***** Exercise data *****

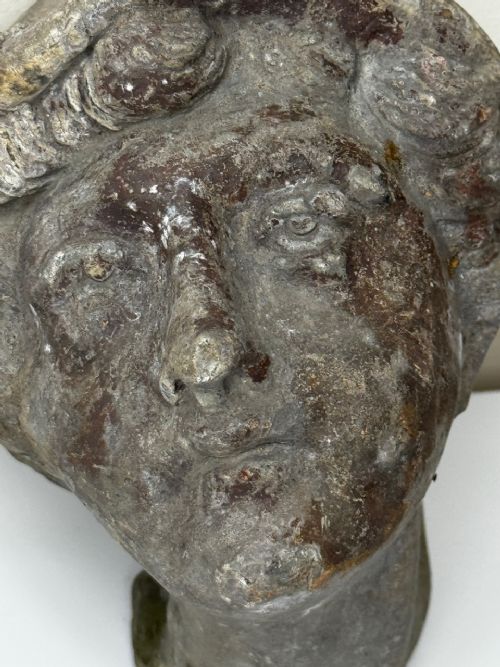 VICTORIAN RECLAIMED LEAD YOUNG MAN WEARING HAT GARDEN SCULPTURE - ADDITIONAL PHOTO 25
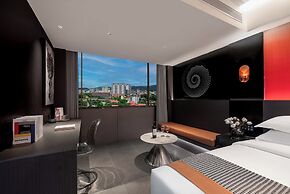 Enji International Hotel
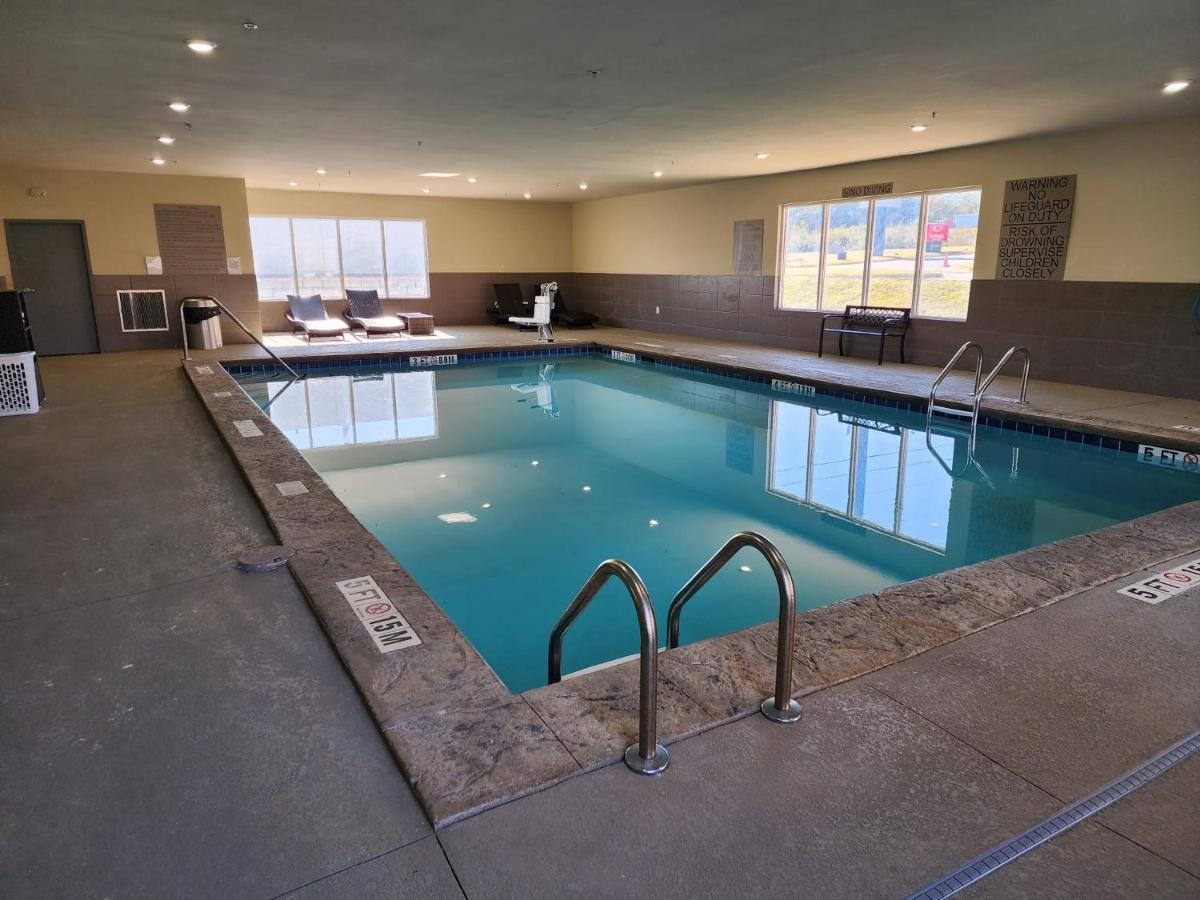 Country Inn & Suites by Radisson, Macon West, GA - Housity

*****

• [Problem description]
Everything from the line containing "Enji International Hotel" to the last line of the listing above must be reproduced exactly, with no pictures included.

• [Finished task]
 Enji International Hotel
 Country Inn & Suites by Radisson, Macon West, GA - Housity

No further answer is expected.